WESTMINSTER, Colo. — A Westminster man accused of killing his own baby in May is a registered sex offender on parole.
Matthew Burry, 33, appeared in Adams County Court Tuesday where a judge set his case over for a preliminary hearing in October.
A news viewer tipped us off about Burry’s criminal past. That viewer questioned how a sex offender could be allowed contact with an infant.
It’s a good question we looked into. But the answers were not easy to come by.
His mugshot appears on Colorado’s Sex Offender Registry, for a crime that happened 15 years ago—a crime requiring he have lifetime supervision.
An arrest affidavit shows that crime happened July 30 and 31, 2000 when he was 18 and in custody of the Family Adolescent Institute in Wheat Ridge.

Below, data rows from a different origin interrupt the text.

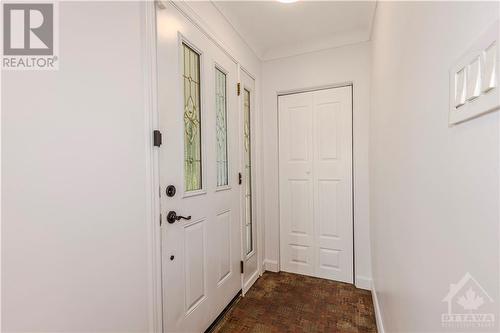 Entrance - 2246 Iris Street, Ottawa, ON - Indoor Photo Showing Other Room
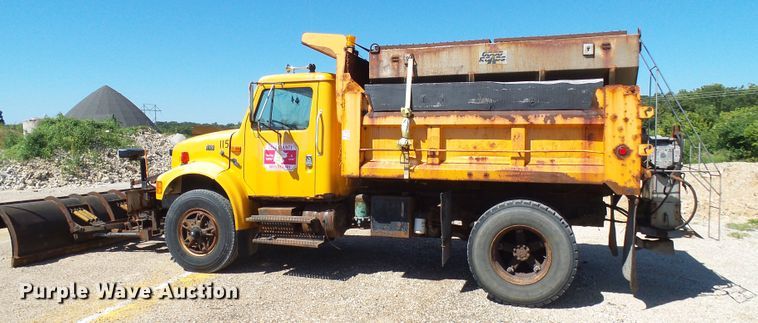 image for item DG2040 1996 International 4900  dump truck
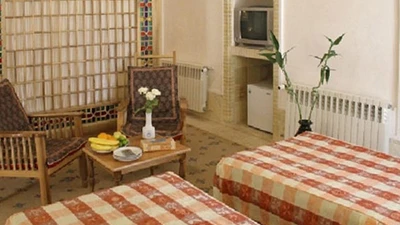Akhavān Hotel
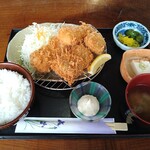 とんかつ専門店 かつ一 - ミックスフライ
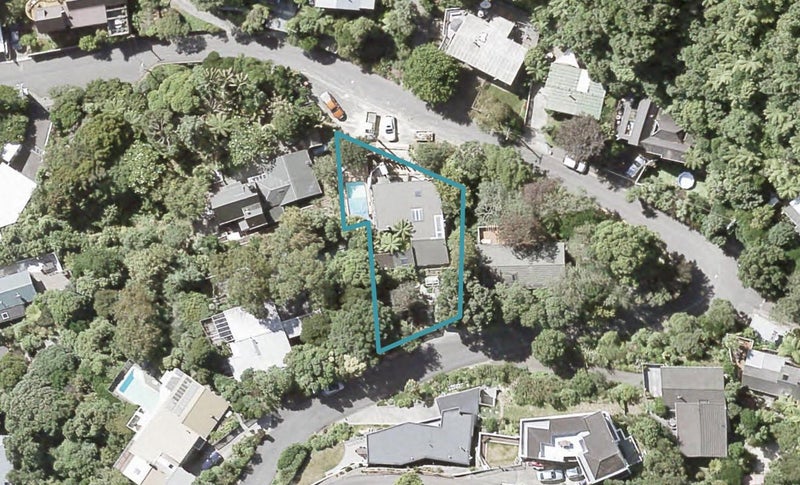 7 Waitohu Road, York Bay, Lower Hutt - Carousel 1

The paperwork shows twice he physically forced a 14-year-old boy to perform oral sex. He also sodomized the boy. Then, after the assaults, told the boy, “…he would kill him if he told anyone.”
For that crime and conviction in November 2000, a judge sentenced him to 10 years to life of intensive supervision.
But he violated probation in September 2001 and was resentenced in November 2001 to two years in prison.
In June 2012, he was granted parole, which was revoked in January 2014 … then he was re-paroled less than four months later in May 2014.
“Brittany. Were you aware of your husband’s past?” We asked his wife outside court today if Burry had revealed his violent criminal history to her.
She had no response.
But she did speak to our Justin Joseph outside her Westminster home last week.
“Matt is a great man. He is a loving father, a great husband and he loved Dominic with every little ounce he had,” she said. She does not believe her husband killed their baby—and she dismisses her own concerns that Burry had smacked their child and abused their dog.
“Something happened. But it was not my husband. I lost my child. I do not want to lose my husband,” she said.
We were unable to determine if Burry’s parole prohibits him from having contact with anybody. But we were told it probably does not forbid contact with his son because at the time his parole terms were created, he was not yet a father.